FAQ
Hi Nuno, all,

I didn't test it, but yeah that should fix the # problem. :-) BTW, I also
had other ideas about checking for <?, <%, <script>, etc. tags in the inline
HTML scanning part, so the largest chunk of HTML is always grabbed (I'll
send the patch in the future; didn't modify anything yet, and it's not
related to the subject anyway :-)).

Still wondering about the behavior of re2c at EOF being different than
Flex -- can't re2c have an addition/enhancement that simply keeps track of
the rule that *would have* matched before hitting EOF (e.g. YYCURSOR >=
YYLIMIT) and then jump to it when doing the YYFILL check?

Another thing that isn't working is the warning about /* Unterminated
comments... (never seen). The optimization for comment parsing I was going
to do (along with the above HTML stuff) would also work around that -- not
using re2c rules, but a manual scan or zend_memnstr() for the closing */.
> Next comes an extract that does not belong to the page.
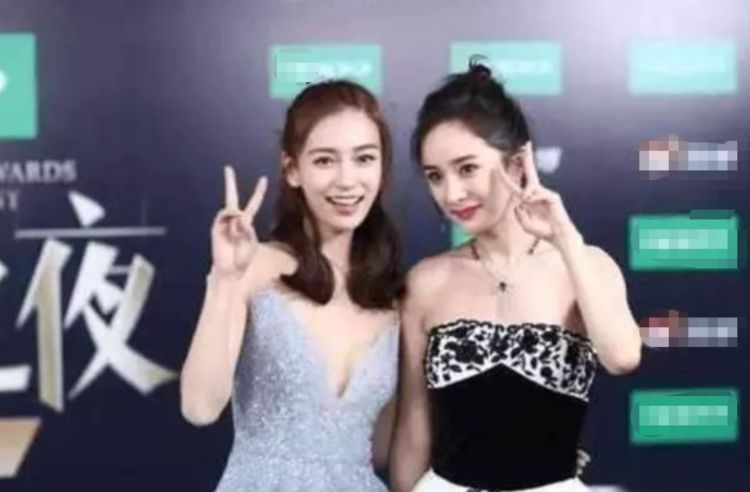 刘亦菲唐嫣穿衣打扮,刘亦菲唐嫣现代服装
Like I said in the comments for Bug #45372, if the last thing at the end of
a file is matched by a variable length rule, it will not be returned.
Because of

#define YYFILL(n) { if (YYCURSOR >= YYLIMIT) return 0; }

I put the ? in the subject line because I'm not sure how important this
really is, but it just seems broken to me (though it's usually with invalid
code), and I couldn't think of a workaround with my limited knowledge of
re2c (though I think it would need to be changed internally). Some things
this affects are 1) the tokenizer extension -- the last token won't be
returned (if variable length, of course); 2) highlighting (if someone is
trying to "see" an unclosed string error, for example? PHP highlighting on
forums...), and parse errors can be different than previously if the parser
gets one less token, for example:

$foo = "Unclosed string<newline> // Different error line number; I think
the space before the quote is the last token returned (even w/o newline)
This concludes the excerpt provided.